The absolute value of the final Quality factor much depends on the data, the microscope type, and the background. It is a global value computed over the entire image, so the contribution of a local resolution increase can be small.

For example, suppose you have a large featureless image with one tiny object. While the tiny object may be restored very well, the change in the featureless part is negligible. The quality factor will therefore hardly change, though the restoration is successful.

Usually, widefield images show a much higher quality increase than for example confocal images.

TIRF (Total Internal Reflection Fluorescence) deals mostly with 2D images. Huygens can handle 2D images by internally treating them as part of a 3D stack from which most planes happen to be missing.

Strictly speaking Huygens does not generate TIRF Theoretical PSFs, but customers report good results with high NA confocal PSFs.

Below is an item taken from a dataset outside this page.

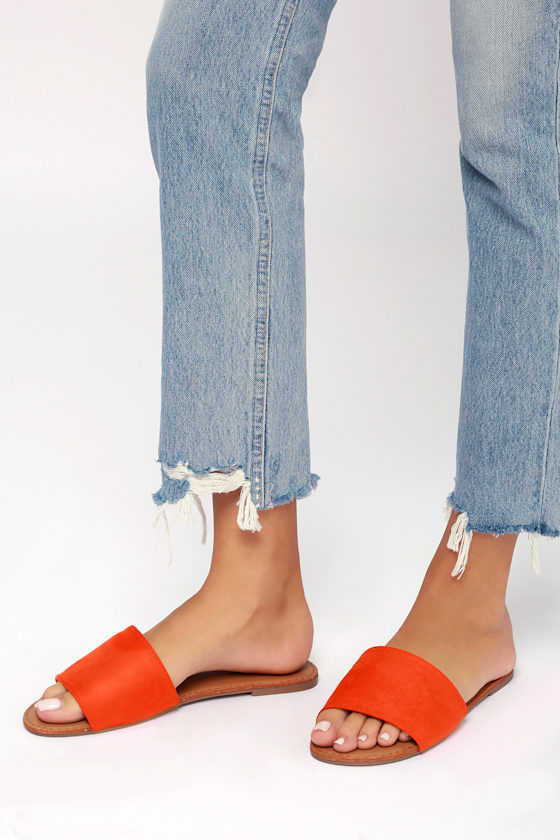Addison Orange Suede Slide Sandals 2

Proceed by setting the Microscope type of your image to confocal and NA ~ 1.4.

An experimental PSF, if existing, can naturally be used. See also the wiki article Total Internal Reflection.

Yes, Huygens will certainly improve the image.

The first test should be done using a Wide Field Microscope Theoretical Psf with the actual parameters used for the acquisition, maybe with a lower Numerical Aperture to enlarge the PSF a little bit.

Still, remember that deconvolution assumes that the Image Formation is linear, and transmission is not, due to possible interference effects. These effects are lesser for thicker samples, but they can create restoration artifacts if they are noticeable. These can be balanced by properly tuning the Signal To Noise Ratio and the Max Num Of Iterations.

The ideal particle to distill an Experimental Psf with the Psf Distiller is probably a sub-resolution gold particle. Note that all the images should be inverted (negative) in Huygens before distilling a PSF and deconvolution: high intensities (gray values closer to white) should describe high object density, but raw transmission images provide the opposite. In Huygens Essential, this can be done with Tools > Invert image.

The Ideal Sampling constraints are about half as stringent as for the confocal imaging mode. For an objective with high N.A. (1.4) the voxel sizes should be in the range of 100-150 nm laterally and 350-500 nm axially.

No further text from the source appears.